Try it: Copy the records word for word. Pictures do not go in.
+++ The data
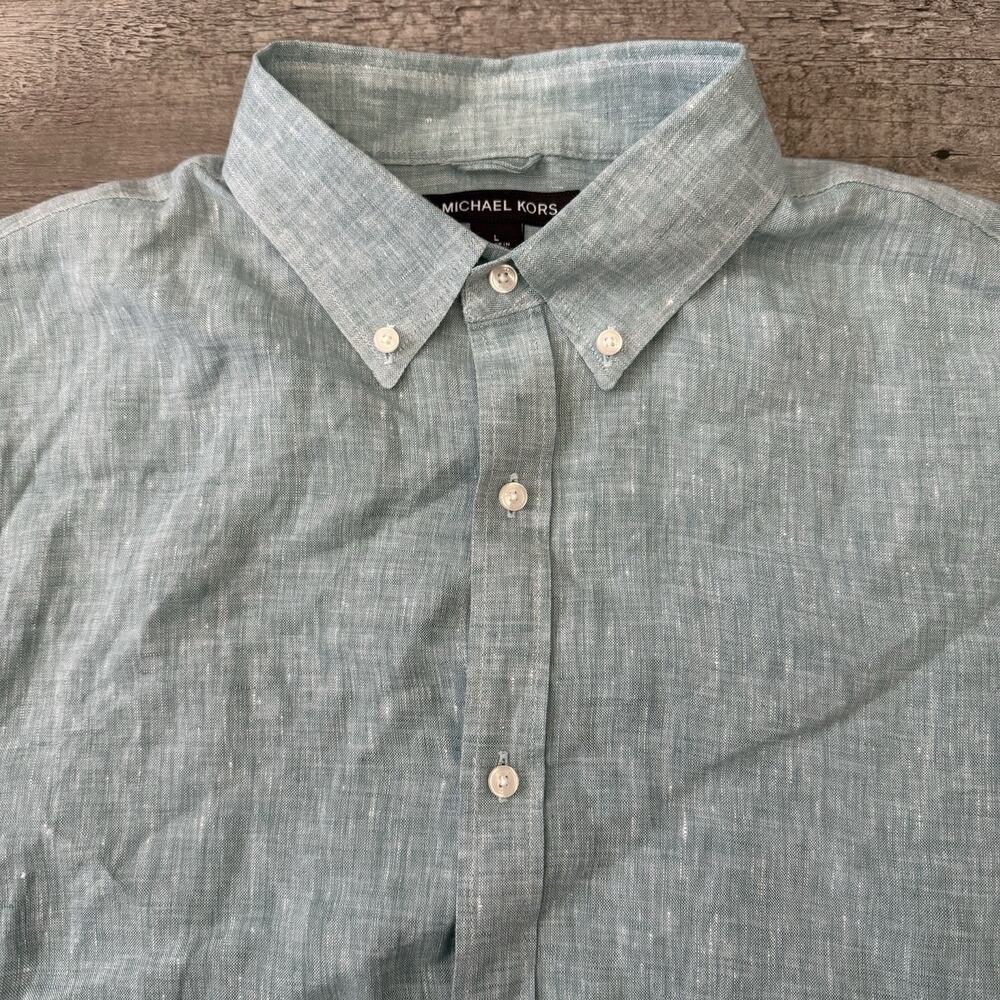 Michael Kors Shirt Mens Large Green 100% Linen Short Sleeve Slim Fit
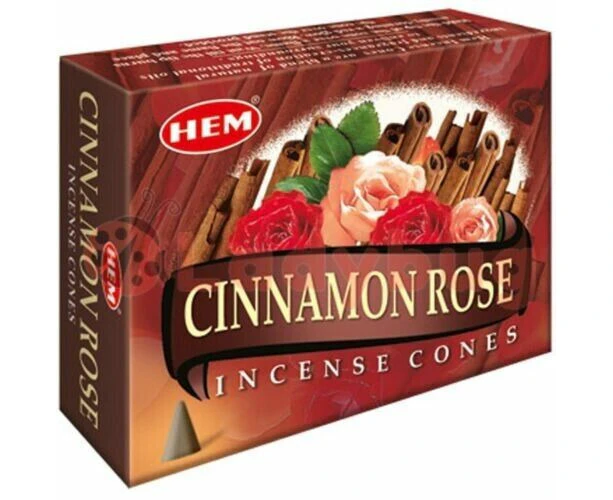 120x HEM Cinnamon Rose Incense Cones Natural Fragrance Smoke Air Purifier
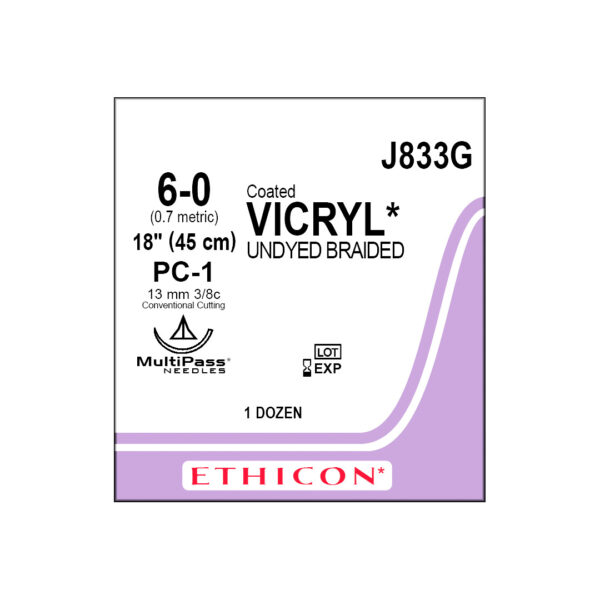 J&J Ethicon Suture Vicryl 6/0 with PC-1 13mm 3/8 Circle Conventional Cutting Prime Needle 45cm (12)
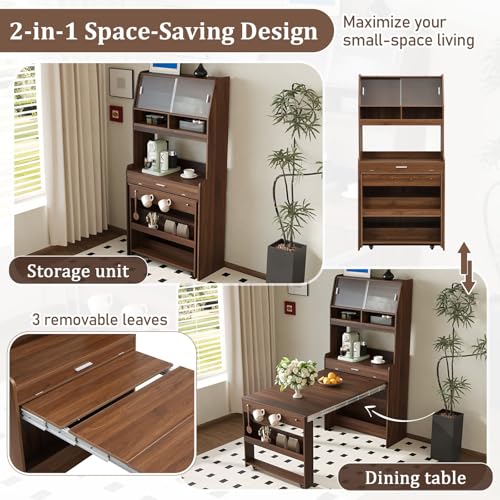 Wood Buffet Cabinet with Folding Dining Table, Craft Cabinet with Fold Out Table and Storage Shelf, Hooks, Multifunctional Cupboard for Small Places,Studio, Apartment (Walnut) - color: Walnut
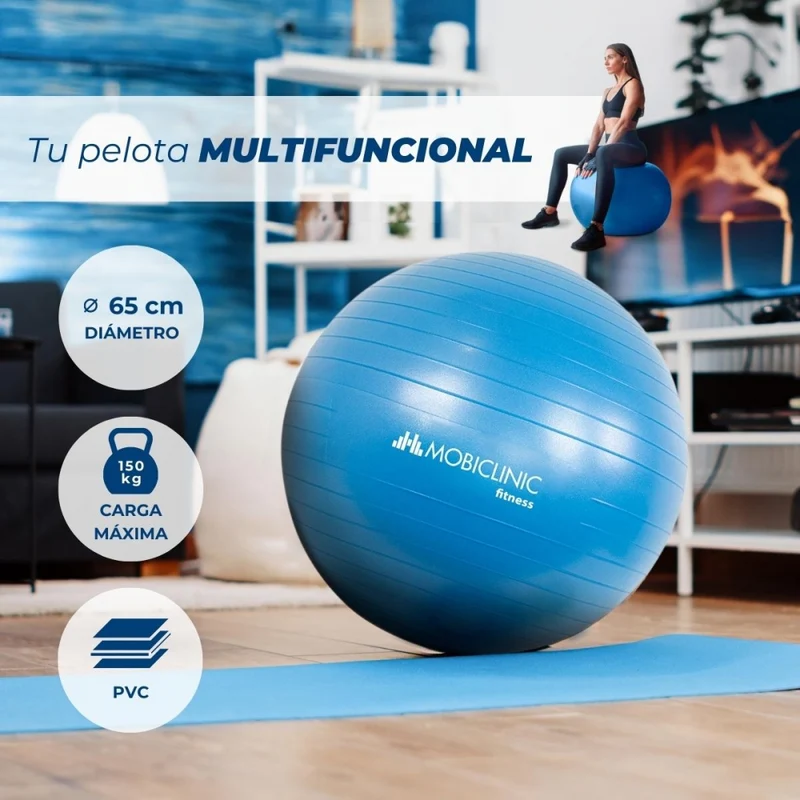 Pilates-Ball | 58 cm | Anti-Rutsch | Reißfest | Inklusive Inflator | Waschbar | Blau | PY-01 |Mobiclinic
++++++
Result of this exercise:
 Michael Kors Shirt Mens Large Green 100% Linen Short Sleeve Slim Fit
 120x HEM Cinnamon Rose Incense Cones Natural Fragrance Smoke Air Purifier
 J&J Ethicon Suture Vicryl 6/0 with PC-1 13mm 3/8 Circle Conventional Cutting Prime Needle 45cm (12)
 Wood Buffet Cabinet with Folding Dining Table, Craft Cabinet with Fold Out Table and Storage Shelf, Hooks, Multifunctional Cupboard for Small Places,Studio, Apartment (Walnut) - color: Walnut
 Pilates-Ball | 58 cm | Anti-Rutsch | Reißfest | Inklusive Inflator | Waschbar | Blau | PY-01 |Mobiclinic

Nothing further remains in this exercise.